Siedząc na podłodze, z zapałem czytałyśmy wszystko po kolei. Pan Simon, wezwany telefonicznie, znalazł się bardzo szybko na miejscu rzekomego przestępstwa, gdzie zastał nieżywego wicehrabiego de Pouzac i duży bałagan w pokoju. Pierwsze podejrzenia padły natychmiast na niejakiego Michela Trepona, pomocnika jubilera, który przed chwilą tam przybył i po chwili znikł tajemniczo, ale pan Simon, nie w ciemię bity, zbadał rzecz dokładnie. Dowodem obecności młodzieńca była leżąca na podłodze bransoletka, której przedtem nikt nie widział, a która wedle zeznań jubilera, została właśnie przysłana po wygrawerowaniu pamiątkowego napisu. Pomocnik ją przyniósł. Wedle zeznań lokaja, niósł ją chyba w niedużym żółtym sepeciku, bo zbliżając się do drzwi gabinetu wicehrabiego, sięgał w głąb sepeciku ręką, jakby coś stamtąd wyjmował. Dalszy ciąg odbył się w cztery oczy i stanowił tajemnicę, tyle że nie dla pana Simona.

Jego prywatnym zdaniem, wicehrabia siedział przy stoliku i oglądał wielką księgę, cenne zabytkowe dzieło, które kupił zaledwie poprzedniego dnia. Dzieło okazało się kompletnie zdewastowane w środku, co wicehrabiego zdenerwowało niewymownie. Wydał nawet kilka okrzyków, słyszanych przez lokaja.

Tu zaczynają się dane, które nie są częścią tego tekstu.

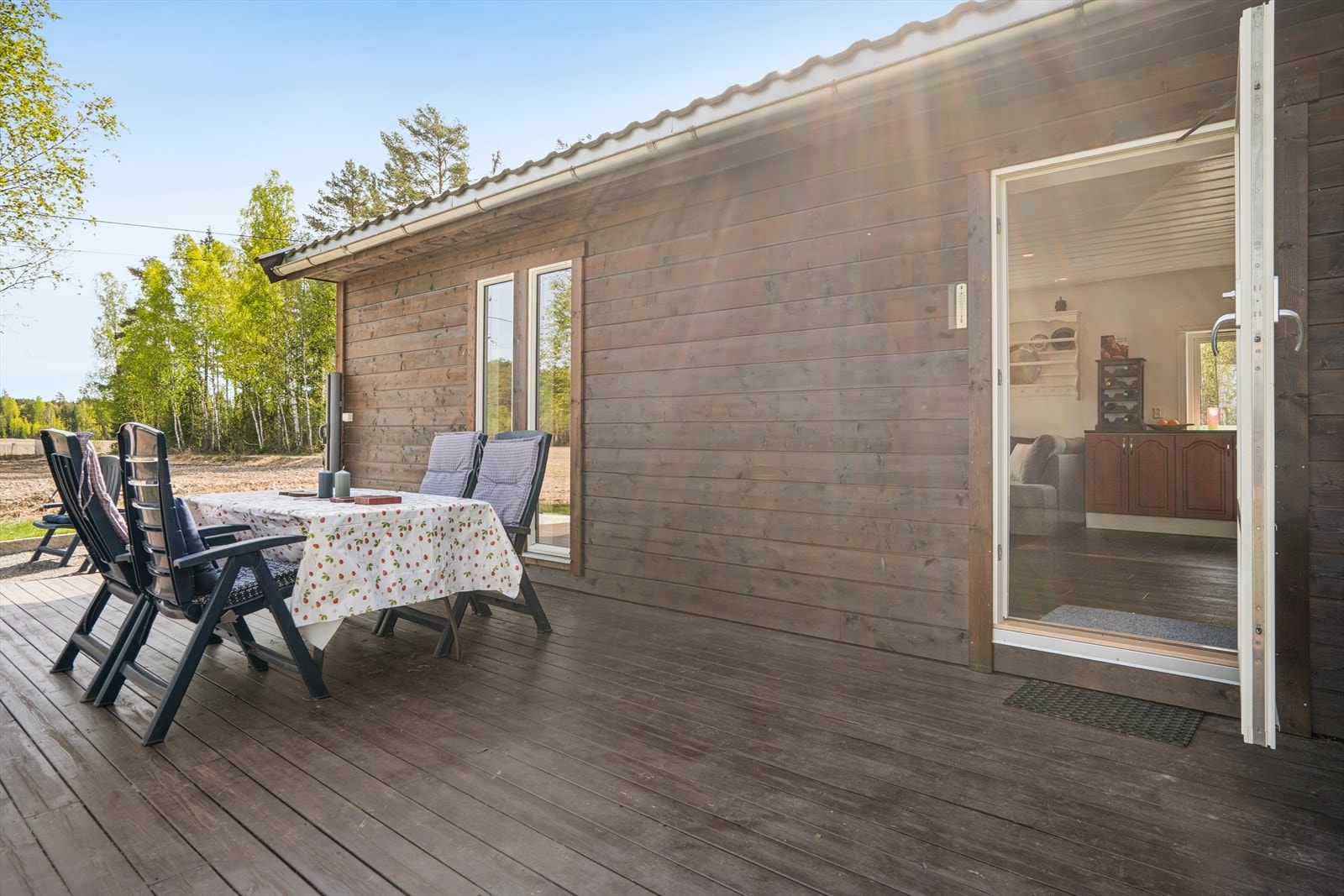 Fra kjøkkendelen er det utgang til koselig terrasse. Galleribilde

Nader istotne znaczenie ma fakt, iż wicehrabia posiadał sztuczną szczękę, którą, jako człowiek jeszcze młody, starannie ukrywał przed otoczeniem, co nie przeszkadzało, że wszyscy o niej wiedzieli. Przy nerwowym okrzyku musiała mu wypaść akurat w momencie wejścia do gabinetu osoby postronnej. Nie patrząc zapewne nawet, kto wchodzi, wicehrabia rzucił się na dywan, żeby ją podnieść, potrącił chwiejny postument i spadająca z postumentu marmurowa rzeźba trafiła go prosto w głowę. Równocześnie, albo prawie równocześnie, przewrócił się stolik, z którego zleciała księga i bransoleta. Pan Simon uważa, że pomocnik jubilera, wchodzący właśnie z bransoletą w ręku, zareagował odruchowo, rzucił się w kierunku katastrofy, upuszczając klejnot. Owijająca go bibułka spadła, leżała obok.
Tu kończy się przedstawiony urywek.